## AVAILABLE DATA
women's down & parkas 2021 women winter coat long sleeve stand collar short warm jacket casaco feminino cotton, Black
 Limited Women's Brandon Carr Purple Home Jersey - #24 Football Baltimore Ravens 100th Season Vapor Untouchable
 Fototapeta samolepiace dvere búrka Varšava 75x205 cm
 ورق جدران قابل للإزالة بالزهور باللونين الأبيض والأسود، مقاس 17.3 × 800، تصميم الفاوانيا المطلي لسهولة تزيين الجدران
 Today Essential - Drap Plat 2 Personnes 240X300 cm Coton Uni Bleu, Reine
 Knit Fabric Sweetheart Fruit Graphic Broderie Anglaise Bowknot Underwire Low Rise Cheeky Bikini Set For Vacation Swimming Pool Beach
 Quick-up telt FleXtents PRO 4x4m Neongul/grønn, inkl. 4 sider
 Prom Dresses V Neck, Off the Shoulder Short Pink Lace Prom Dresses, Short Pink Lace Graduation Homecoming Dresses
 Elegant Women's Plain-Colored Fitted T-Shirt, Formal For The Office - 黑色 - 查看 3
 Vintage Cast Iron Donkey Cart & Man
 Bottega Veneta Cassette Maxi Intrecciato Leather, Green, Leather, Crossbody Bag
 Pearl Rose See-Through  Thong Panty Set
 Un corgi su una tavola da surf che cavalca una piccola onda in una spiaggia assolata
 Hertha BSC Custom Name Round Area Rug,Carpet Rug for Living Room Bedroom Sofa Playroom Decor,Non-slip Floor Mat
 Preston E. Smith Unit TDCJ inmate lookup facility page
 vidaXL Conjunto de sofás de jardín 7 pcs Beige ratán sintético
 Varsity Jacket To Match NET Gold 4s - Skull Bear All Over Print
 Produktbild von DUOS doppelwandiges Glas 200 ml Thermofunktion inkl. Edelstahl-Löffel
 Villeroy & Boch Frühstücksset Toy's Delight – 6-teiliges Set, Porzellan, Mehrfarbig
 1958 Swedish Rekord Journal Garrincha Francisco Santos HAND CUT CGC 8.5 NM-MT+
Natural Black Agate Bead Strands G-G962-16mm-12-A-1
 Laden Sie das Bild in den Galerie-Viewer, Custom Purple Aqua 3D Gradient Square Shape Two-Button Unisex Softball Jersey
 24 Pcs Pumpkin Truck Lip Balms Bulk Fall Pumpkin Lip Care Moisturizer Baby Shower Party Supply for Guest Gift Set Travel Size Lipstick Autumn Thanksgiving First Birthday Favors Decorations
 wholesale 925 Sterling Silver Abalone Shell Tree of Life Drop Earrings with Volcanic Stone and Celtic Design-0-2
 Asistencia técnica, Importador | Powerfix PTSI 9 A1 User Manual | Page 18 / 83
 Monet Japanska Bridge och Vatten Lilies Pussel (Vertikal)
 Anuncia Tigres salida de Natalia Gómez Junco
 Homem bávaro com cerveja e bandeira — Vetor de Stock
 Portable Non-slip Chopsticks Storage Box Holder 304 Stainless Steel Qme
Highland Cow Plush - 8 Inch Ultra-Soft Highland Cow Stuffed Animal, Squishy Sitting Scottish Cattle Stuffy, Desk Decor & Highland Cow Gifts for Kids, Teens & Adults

## TRY IT
From the records above, give again exactly the lines running from the line with "Fototapeta samolepiace dvere" to the line with "Hertha BSC Custom", inclusive.

## ANSWER SPACE
 Fototapeta samolepiace dvere búrka Varšava 75x205 cm
 ورق جدران قابل للإزالة بالزهور باللونين الأبيض والأسود، مقاس 17.3 × 800، تصميم الفاوانيا المطلي لسهولة تزيين الجدران
 Today Essential - Drap Plat 2 Personnes 240X300 cm Coton Uni Bleu, Reine
 Knit Fabric Sweetheart Fruit Graphic Broderie Anglaise Bowknot Underwire Low Rise Cheeky Bikini Set For Vacation Swimming Pool Beach
 Quick-up telt FleXtents PRO 4x4m Neongul/grønn, inkl. 4 sider
 Prom Dresses V Neck, Off the Shoulder Short Pink Lace Prom Dresses, Short Pink Lace Graduation Homecoming Dresses
 Elegant Women's Plain-Colored Fitted T-Shirt, Formal For The Office - 黑色 - 查看 3
 Vintage Cast Iron Donkey Cart & Man
 Bottega Veneta Cassette Maxi Intrecciato Leather, Green, Leather, Crossbody Bag
 Pearl Rose See-Through  Thong Panty Set
 Un corgi su una tavola da surf che cavalca una piccola onda in una spiaggia assolata
 Hertha BSC Custom Name Round Area Rug,Carpet Rug for Living Room Bedroom Sofa Playroom Decor,Non-slip Floor Mat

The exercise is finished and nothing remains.